Она с живым интересом уставилась на аппарат, когда выяснилось, что к нему необязательно подходить, чтобы включить или настроить канал. Нет, это был из тех телевизоров, что управляются пультом: Лаванда видела такие в фильмах и рекламе, но никогда — в живую.
На засветившемся экране ярко-оранжевый поток вливался в огромный стакан, а подоспевший за картинкой голос как раз успел воспеть хвалу мандариновому соку «Чин-Чин». Но вот стакан исчез, и раздалась торжественная, летящая куда-то музыка. На экране завертелись и исчезли разноцветные шары и прозрачные сферы, и на их месте возникла девушка в чёрном офисном платье. Волосы — тоже чёрные — были аккуратно убраны назад, идеально ровный пробор пересекал их посередине.
— Здравствуйте, с вами «Главная линия» и Китти Башева.
— Китти Башева, — прыснула Лаванда. — Какое нелепое имя.
— Мм? — Феликс, казалось, вынырнул из каких-то своих мыслей, не связанных с передачей. — Думаешь?
— Нет, отдельно имя и фамилия звучат нормально, но вместе…
— А, это бывает, — Феликс тоже улыбнулся. — Мода на иностранные имена и всё такое… Сейчас вроде уже поветрие прошло, но среди наших двух-трёх поколений осталось немало жертв культурного смешения. Не всем повезло с фамилией, — он рассмеялся.

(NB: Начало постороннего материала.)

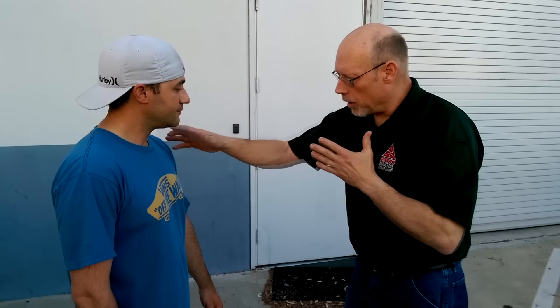We're going to take a look at same-side control. This is something you hear a lot in firearms training when doing close contact shooting. Basically what it means is my left arm to his left arm — being able to control this and then being able to access a firearm and shoot.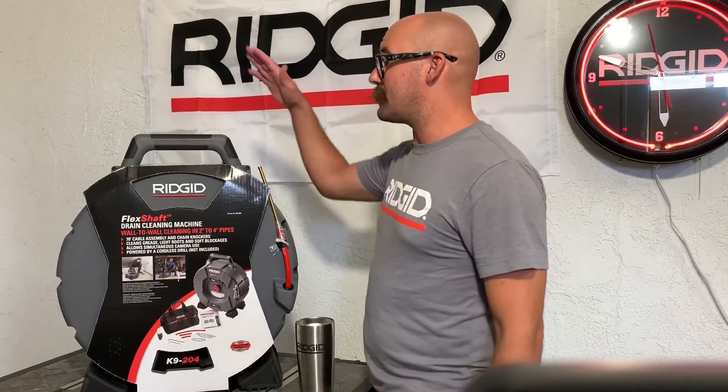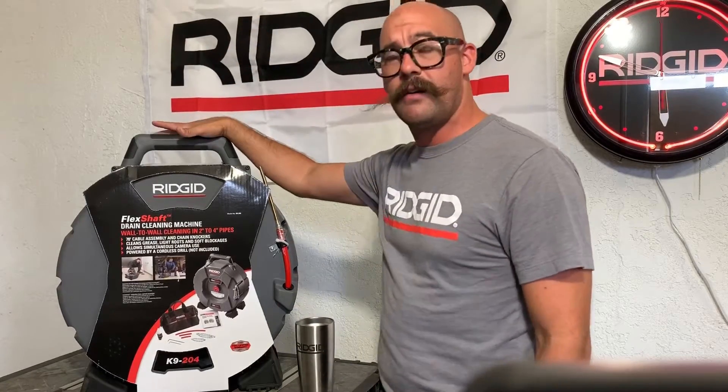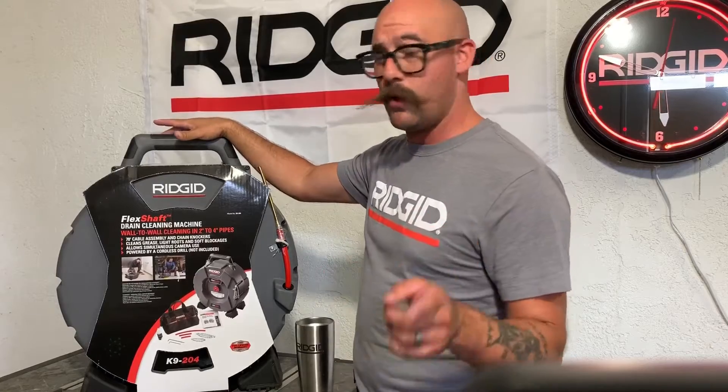All right, everybody. John Thompson here, OG Plum God. What we're here to talk about today is the unveiling of the Flex Chef K9204.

Девушка сидела за столом, и её тёмные глаза неотрывно смотрели прямо на зрителя. Перед ней на столе лежали какие-то бумаги, но она только изредка подсматривала в них, будто безошибочно знала, что и когда следует говорить. Она вообще почти не двигалась, а только говорила: губы, не изменяющие радушной улыбки, быстро двигались и выпускали слово за словом, как бесконечную нить запутанного плетения. Смысл отдельных фраз ускользал, оставалась только уверенность, что всё идёт так, как надо.
— Она тоже ведущая? — поинтересовалась Лаванда. — Я её нигде раньше не видела…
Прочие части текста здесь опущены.